What you are asked to do: Could you please output all of the data exactly, without the images?

Information supplied:
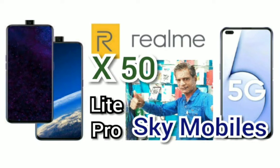Welcome to SkyMobiles, used mobiles for cheap price at Coimbatore SkyMobiles.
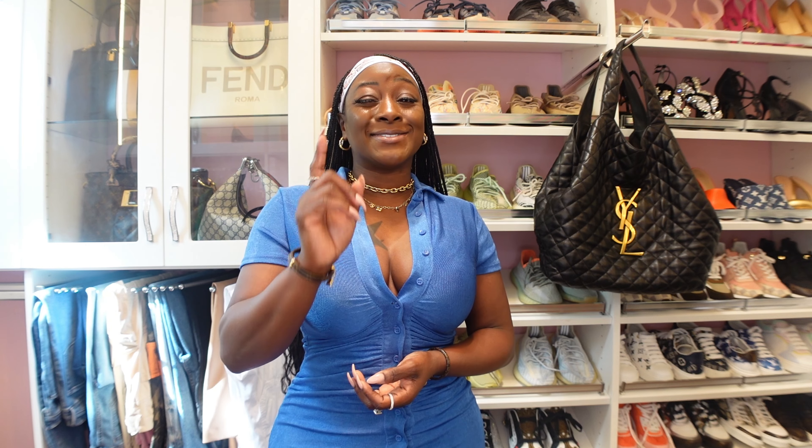Hey besties and welcome back, it's your girl Marquita with Marquita LV Luxury. On today's video I'm going to speak about some new releases and also speak on the holiday packaging. Before we get started, make sure you view my past videos, like, share, and subscribe. Tell a friend how much fun we have over here. Don't forget to visit your girl on Instagram at Marquita LV Luxury.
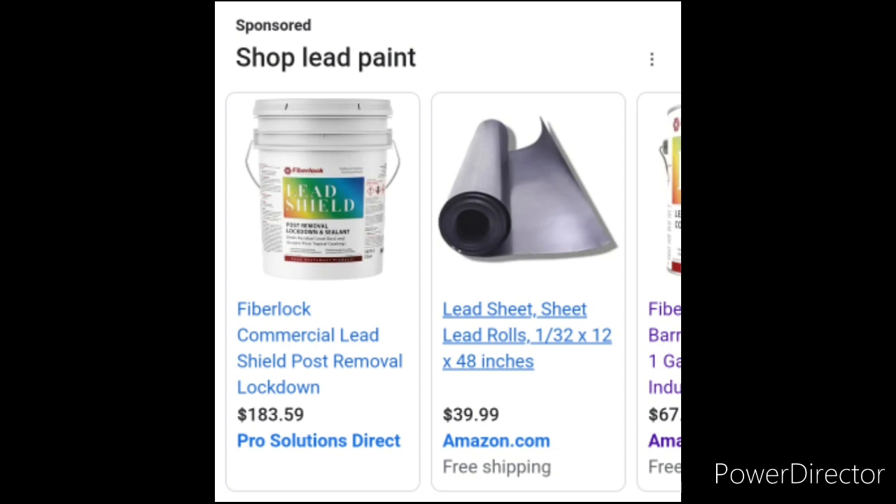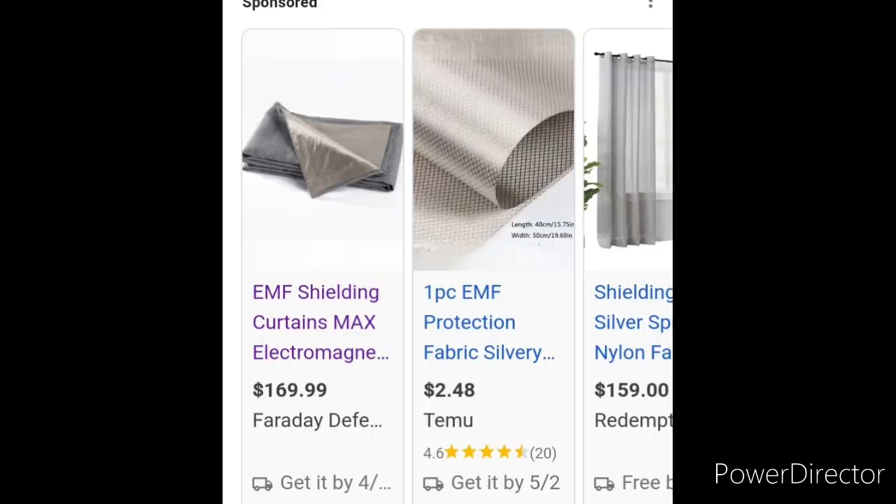The second thing is, for your curtains, you can buy these EMF protection curtains so that you can literally just protect yourself from anything. They're a little more expensive, but it's up to you.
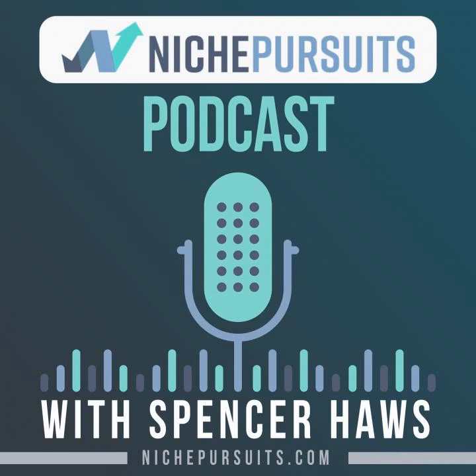Hey everyone, welcome back to another episode of the Niche Pursuits podcast. I'm your host Spencer Hawes from nichepursuits.com.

Written solution:
Welcome to SkyMobiles, used mobiles for cheap price at Coimbatore SkyMobiles.
Hey besties and welcome back, it's your girl Marquita with Marquita LV Luxury. On today's video I'm going to speak about some new releases and also speak on the holiday packaging. Before we get started, make sure you view my past videos, like, share, and subscribe. Tell a friend how much fun we have over here. Don't forget to visit your girl on Instagram at Marquita LV Luxury.
The second thing is, for your curtains, you can buy these EMF protection curtains so that you can literally just protect yourself from anything. They're a little more expensive, but it's up to you.
Hey everyone, welcome back to another episode of the Niche Pursuits podcast. I'm your host Spencer Hawes from nichepursuits.com.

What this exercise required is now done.